WORKING DATA START
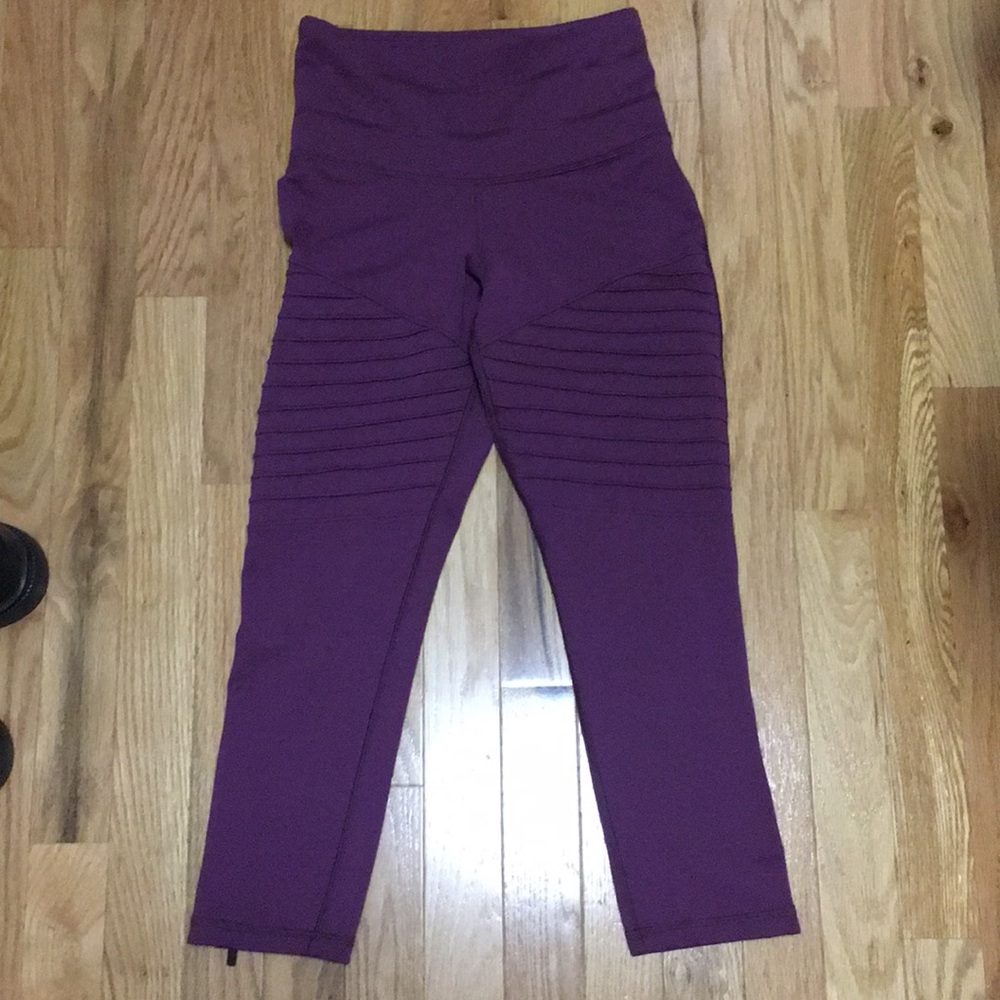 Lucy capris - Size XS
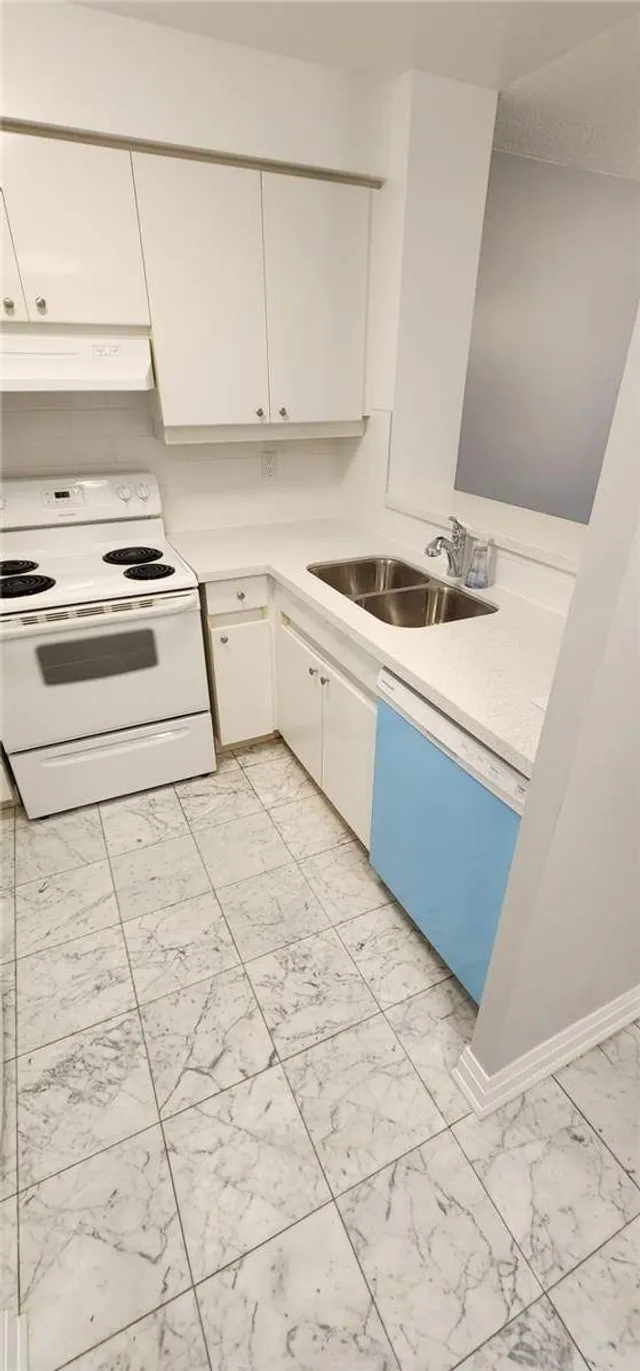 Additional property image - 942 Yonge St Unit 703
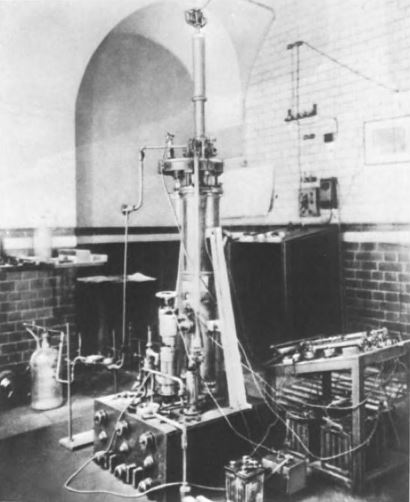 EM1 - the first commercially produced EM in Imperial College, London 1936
WORKING DATA END
WORKING DATA START
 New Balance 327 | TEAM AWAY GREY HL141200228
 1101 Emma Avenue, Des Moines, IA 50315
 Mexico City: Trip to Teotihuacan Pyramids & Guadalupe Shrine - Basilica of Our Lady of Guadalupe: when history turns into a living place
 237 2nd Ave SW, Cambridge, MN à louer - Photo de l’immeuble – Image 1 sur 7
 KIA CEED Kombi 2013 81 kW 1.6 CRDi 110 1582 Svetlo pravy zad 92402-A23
WORKING DATA END
(DIRECTIONS):
Take the entries above and copy exactly the lines starting at the one with "Lucy capris - Size XS" and ending at the one with "EM1 - the first"; nothing outside that span, and no pictures.

(ANSWER TO THE EXERCISE):
 Lucy capris - Size XS
 Additional property image - 942 Yonge St Unit 703
 EM1 - the first commercially produced EM in Imperial College, London 1936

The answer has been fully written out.